For the Respondent: Ms A Nolan, Senior Presenting Officer.
Heard at Field House on 12 December 2024
Order Regarding Anonymity
Pursuant to rule 14 of the Tribunal Procedure (Upper Tribunal) Rules 2008, the Appellant is granted anonymity.
No-one shall publish or reveal any information, including the name or address of the Appellant, likely to lead members of the public to identify the Appellant. Failure to comply with this order could amount to a contempt of court .
DECISION AND REASONS
Background
6. The Appellant appealed against the Respondent's decision of 11 th June 2021 and the Appellant's appeal was heard by the First-tier Tribunal on 3 rd May 2023. Before the Judge, the Appellant pursued his appeal on the grounds that his deportation would be in breach of the Refugee Convention with the presumption of risk pursuant to the s.72 certificate issued against the Appellant falling to be re-butted. This on the basis that he remains in custody and thus any risk that he may pose to the community is addressed by his current detention.
The Decision of the First-tier Tribunal Judge
The Appeal to the Upper Tribunal
Analysis and Conclusions
24. Ms Nolan did not seek to submit that the Judge had made a material error of law by reaching findings on treatment that the Appellant would be subjected to whilst still in the UK. This was sensible since it is clear from the Judge's findings and reasons at [37]-[53], when read as a whole, that the Judge was concerned with the ill-treatment that the Appellant would be subjected to once arrived in Zimbabwe.

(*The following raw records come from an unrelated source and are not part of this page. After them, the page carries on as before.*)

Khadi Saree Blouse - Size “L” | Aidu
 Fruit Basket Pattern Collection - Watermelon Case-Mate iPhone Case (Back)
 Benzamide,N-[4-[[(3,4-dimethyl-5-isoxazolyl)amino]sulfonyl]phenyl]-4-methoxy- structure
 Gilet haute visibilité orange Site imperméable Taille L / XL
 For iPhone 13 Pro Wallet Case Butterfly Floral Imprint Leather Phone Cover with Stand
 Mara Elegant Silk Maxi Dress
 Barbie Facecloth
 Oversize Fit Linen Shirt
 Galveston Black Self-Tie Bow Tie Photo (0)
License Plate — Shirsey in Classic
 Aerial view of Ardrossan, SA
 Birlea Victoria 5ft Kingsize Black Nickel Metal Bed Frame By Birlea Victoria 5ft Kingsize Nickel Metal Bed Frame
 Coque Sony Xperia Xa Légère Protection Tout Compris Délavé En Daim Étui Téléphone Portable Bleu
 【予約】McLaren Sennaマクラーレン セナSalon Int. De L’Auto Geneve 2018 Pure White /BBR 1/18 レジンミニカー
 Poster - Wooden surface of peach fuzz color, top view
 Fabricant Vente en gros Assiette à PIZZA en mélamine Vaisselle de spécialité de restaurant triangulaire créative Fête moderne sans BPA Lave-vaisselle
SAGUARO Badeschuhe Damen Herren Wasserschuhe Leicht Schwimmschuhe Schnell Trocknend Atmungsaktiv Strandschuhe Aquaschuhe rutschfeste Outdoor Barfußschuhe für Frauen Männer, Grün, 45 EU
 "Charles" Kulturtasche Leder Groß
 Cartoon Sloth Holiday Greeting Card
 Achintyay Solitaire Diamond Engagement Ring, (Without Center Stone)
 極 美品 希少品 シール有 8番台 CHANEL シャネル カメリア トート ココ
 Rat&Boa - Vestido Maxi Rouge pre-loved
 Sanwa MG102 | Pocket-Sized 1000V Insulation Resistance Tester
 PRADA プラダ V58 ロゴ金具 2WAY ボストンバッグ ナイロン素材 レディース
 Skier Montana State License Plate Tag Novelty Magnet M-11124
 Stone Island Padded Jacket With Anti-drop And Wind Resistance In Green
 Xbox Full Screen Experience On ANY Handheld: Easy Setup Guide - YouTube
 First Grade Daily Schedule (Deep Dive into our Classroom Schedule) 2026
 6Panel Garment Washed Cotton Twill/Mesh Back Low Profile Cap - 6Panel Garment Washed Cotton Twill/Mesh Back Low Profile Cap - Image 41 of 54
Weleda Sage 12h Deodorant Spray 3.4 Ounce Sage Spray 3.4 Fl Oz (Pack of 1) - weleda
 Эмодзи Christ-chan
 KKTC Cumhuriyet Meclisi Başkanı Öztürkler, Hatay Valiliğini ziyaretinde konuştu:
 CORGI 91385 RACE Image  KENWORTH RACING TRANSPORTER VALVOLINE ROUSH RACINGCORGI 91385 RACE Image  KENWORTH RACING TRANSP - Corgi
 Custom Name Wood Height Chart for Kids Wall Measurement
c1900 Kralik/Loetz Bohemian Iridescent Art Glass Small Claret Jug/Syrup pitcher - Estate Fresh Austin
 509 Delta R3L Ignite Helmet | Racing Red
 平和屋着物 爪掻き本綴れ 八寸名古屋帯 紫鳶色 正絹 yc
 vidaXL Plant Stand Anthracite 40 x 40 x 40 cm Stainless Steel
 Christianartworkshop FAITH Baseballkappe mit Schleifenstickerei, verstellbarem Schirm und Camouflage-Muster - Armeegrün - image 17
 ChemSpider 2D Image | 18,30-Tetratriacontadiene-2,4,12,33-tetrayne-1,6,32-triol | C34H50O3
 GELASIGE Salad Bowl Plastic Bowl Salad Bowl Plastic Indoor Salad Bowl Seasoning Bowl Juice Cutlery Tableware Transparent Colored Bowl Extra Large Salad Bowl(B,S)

25. Ms Nolan maintained the written submission made at paragraph 4 of the Respondent's grounds, namely that the Judge had made contradictory findings, illustrated at [47] and [48], having accepted on the one hand that the Appellant's profile as a sex offender would not be disclosed to the Zimbabwean authorities by the Secretary of State, yet on the other hand, that the authorities would be aware of his profile at point of entry and through interviewing the Appellant, where the risk would then ensue. Ms Nolan submitted that the Judge did not have any objective information before them as to the travel documentation process, whether the Appellant would indeed be interviewed for such a process and thus there was inadequate reasoning from the Judge for their findings. Ms Nolan added that this was material since the Judge themselves noted that their findings may have differed had the Appellant not been in custody at [53]. At my request, Ms Nolan agreed that the findings of the Judge at [47] and [48] were not contradictory as such - she accepted that the Judge had reasoned their finding on the authorities discovering the Appellant's criminal convictions through his current imprisonment, as opposed to the Respondent informing them of this. Ms Nolan effectively re-cast the ground pursued as one which lacked reasoning and there being no background or other evidence to support the Judge's findings.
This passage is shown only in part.